Sinopsis Rama Shinta MNCTV episode 229 - Episode dimulai dengan Raavan datang di medan perang beserta tentaranya. Rama berjalan ke arahnya. Laxman khawatir, dan Hanuman menghentikan Laxman. Rama mengingat kata-kata Mareech, kata-kata Chatayu, dan kata-kata Hanuman tentang Raavan menculik Shinta, dan pesan Sita. Rama menangis karena memikirkan penculikan Sita, dan semua penyiksaan yang dia hadapi dalam bahasa Lanka.

Sinopsis Rama Shinta MNCTV episode 229
Sinopsis Rama Shinta MNCTV episode 229


Ram mengatakan Raavan, jika anak panah saya tidak menghancurkan Anda dan tentara Anda, alasannya hanyalah satu, saya ingin beberapa jawaban dari Anda, dan Anda bisa menjawabnya saat Anda masih hidup. Laxman mengatakan mengapa Rama mulai emosional, dia harus menembak dan membunuh Raavan.
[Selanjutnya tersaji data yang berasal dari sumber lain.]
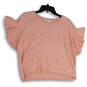 Womens Pink Flutter Sleeve Crew Neck Cropped Pullover Sweater Size Small image number 1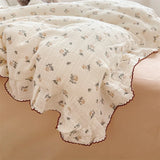 Yeknu INS Princess Ruffle Edge Gauze 100% Cotton Pillow Case Breathable Duvet Cover Without Filler 3PCS Floral Home Bedding Set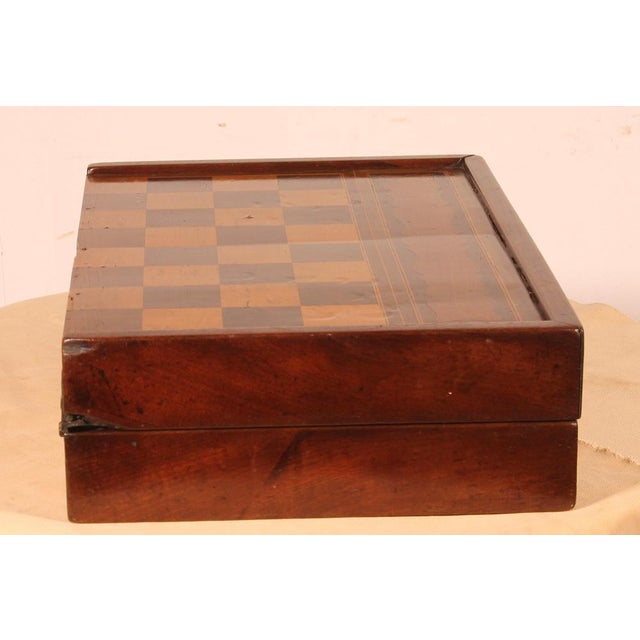 Brown 19th Century Games Box in Walnut and Boxwood For Sale - Image 8 of 10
Hanuman mengatakan tidak, dia bukan hanya adikmu, tapi juga pelaku yang baik, dia melihat Raavan tidak hanya sebagai musuhnya, tidak juga dengan kebenarannya, Rama tahu dia akan membunuh Raavan, dia sedih bahwa dunia akan kehilangan
seorang pria berpengetahuan seperti Raavan karena kebanggaan Raavan. Laxman mengatakan bahwa Rama seharusnya tidak menunda pembunuhan Adharmi Raavan.
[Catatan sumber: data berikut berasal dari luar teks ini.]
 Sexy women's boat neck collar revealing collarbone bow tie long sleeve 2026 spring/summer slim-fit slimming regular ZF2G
Raavan bertanya apakah ini vanvasi Rama, saya melakukan kesalahan besar, dia tidak terlihat sebagai pejuang, dia merasa pria berduka yang dalam kesedihan kehilangan istrinya, dia terlihat sangat biasa, oleh karena itu saya tidak mendapat perlindungan dari Brahmadev, Rama adalah mengatakan bahwa dia tidak membunuh saya karena dia ingin mengajukan pertanyaan kepada saya. Dia tertawa dan mengatakan ini disebut menutupi pengecut, Tridev terguncang oleh namaku, aku bisa membunuhmu dalam sekejap, tapi kata dia, kita harus menghormati harapan terakhir dari orang yang sekarat itu, Shinta mengatakan bahwa kamu mengikuti Dharm, peraturan dan kebiasaan, Jika Anda tahu peraturan kehidupan Naagrik, maka Anda seharusnya meminta izin kepada raja untuk memasuki daerah tersebut, Anda tinggal di daerah saya Panchwati dalam 10 tahun dan membunuh Asurs saya, Anda telah menghancurkan peraturan tersebut. Rama mengatakan tidak, saya hanya tinggal sebagai vanvasi dan saya berhak tinggal di mana saja, Dharmlah yang menghukum Asurs Anda, yang mengganggu orang lain.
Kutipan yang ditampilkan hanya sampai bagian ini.